[Data below Boundary: Start]

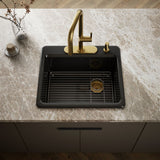 Riverby® 25" top-mount single-bowl kitchen sink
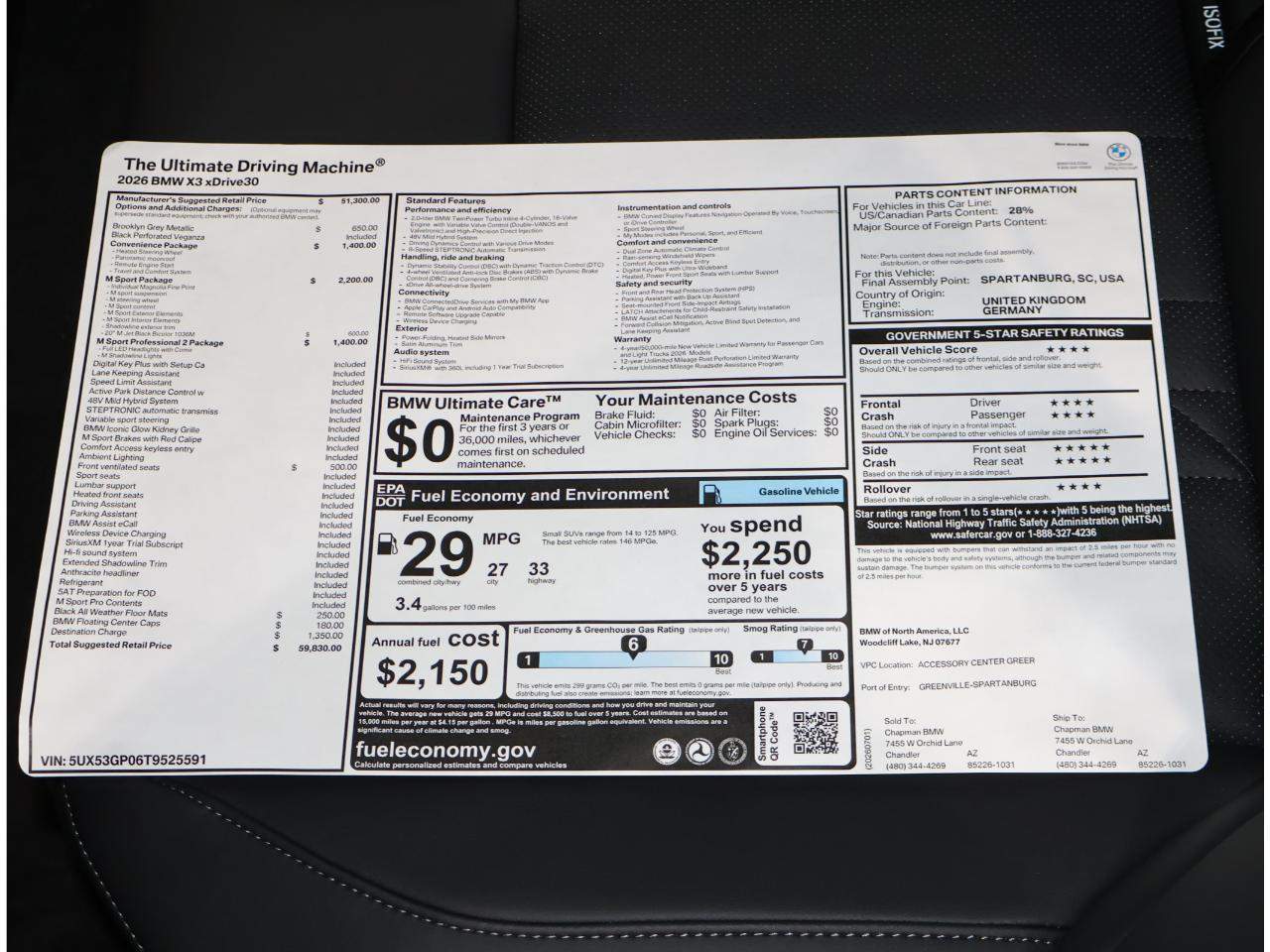 2026 BMW X3 30 xDrive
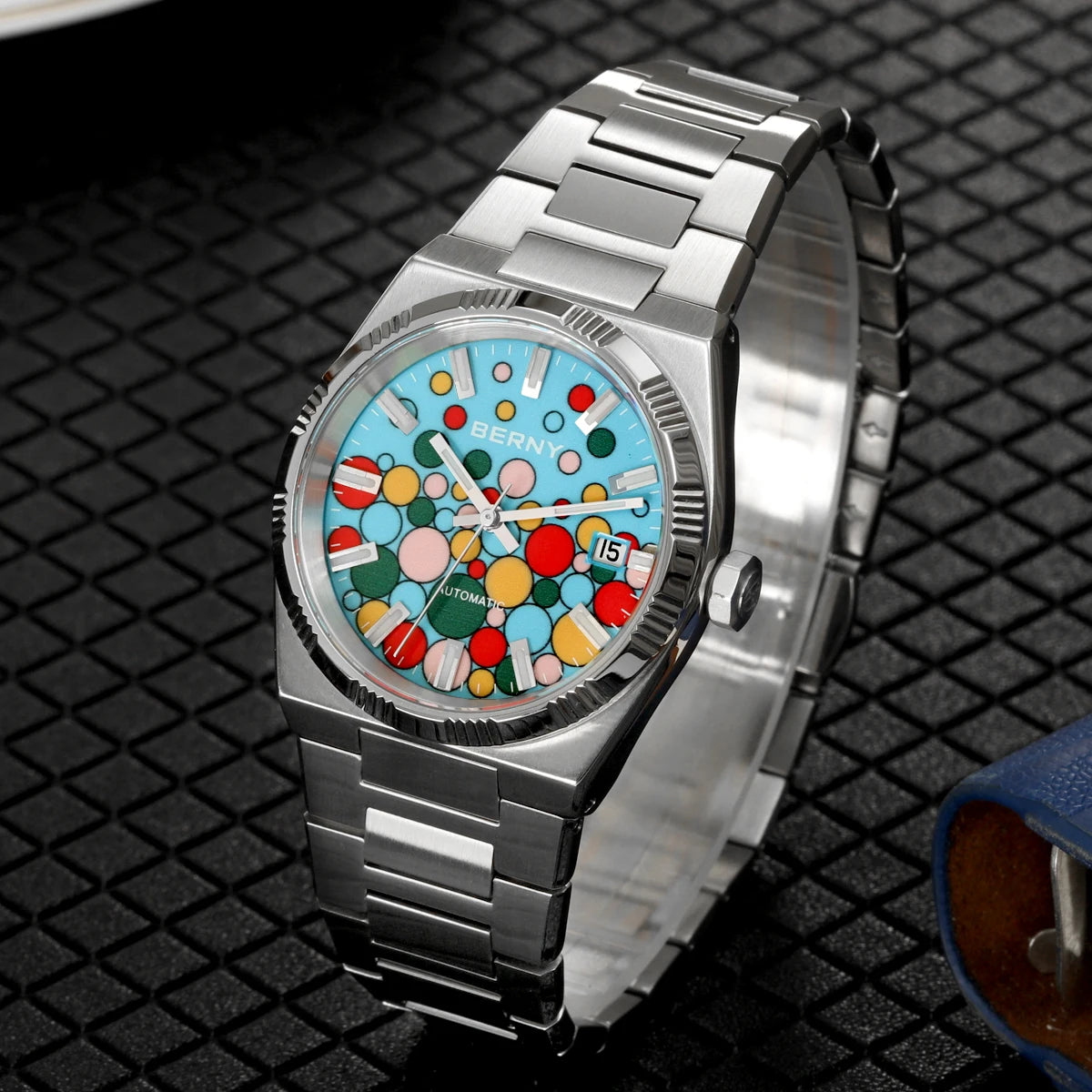 BERNY PT5000 Automatic Men’s Watch – Sapphire, 5ATM, Stainless Steel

[Data below Boundary: End]

§ Task item
Keep every word of the data as it is when you write it out, but drop the pictures.

§ Solved problem
 Riverby® 25" top-mount single-bowl kitchen sink
 2026 BMW X3 30 xDrive
 BERNY PT5000 Automatic Men’s Watch – Sapphire, 5ATM, Stainless Steel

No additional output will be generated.